+ 2
Machine learning model debugging
I have developed a model for hand written character recognition using pytorch and mltu. The dataset used is kaggles IAM Dataset. I have been trying to train the model for the past 7 days. There is some issue after completing the epochs and unable to complete it. While in the logs it showed some errors I corrected it. Still it gives an error. Can anyone please help me in debugging this code. I have attached it below. I tried it to run in both Google colab and kaggle environment using GPU. https://sololearn.com/compiler-playground/cC662yAm9rpt/?ref=app
15 Answers
0
Aysha I think I might have found out what the problem is, because the dataset from Kaggle doesn't contains any labels, but on the official website of the dataset, there should be labels as part of the dataset, but it seems you need to register on their website to get the full dataset that also includes labels.
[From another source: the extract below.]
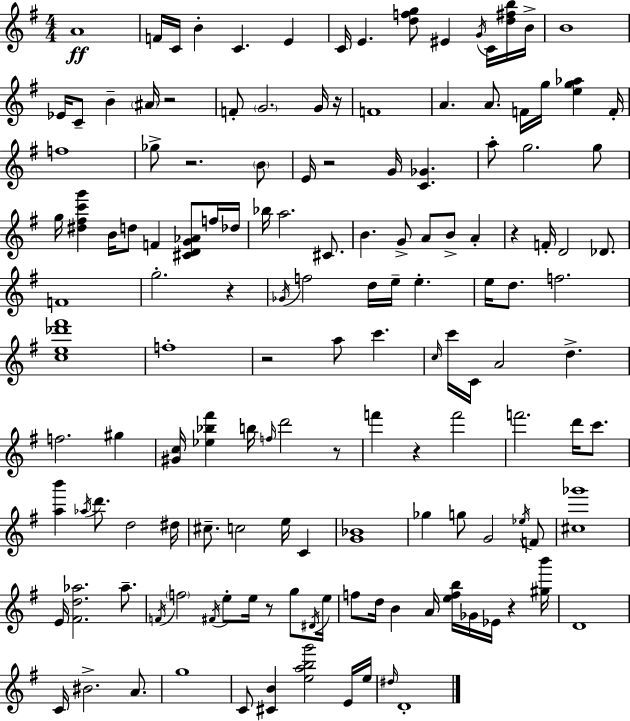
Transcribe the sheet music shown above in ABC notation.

That could be the reason why the loss function doesn't work in your model.
+ 3
Yeah Jan but I had to submit it for the internship but it's ok what can I do if its not getting resolved. Anyways thanks for suggestions.
+ 2
Yeah that's the reason I had used kaggles Tesla p100 GPU for training the datasets
+ 2
Jan Even though I tried using the real dataset the issue didn't get resolved.
+ 1
Sorry, I can't help with PyTorch and mltu. If you made it using Tensorflow, Keras or Scikit-Learn , I could help.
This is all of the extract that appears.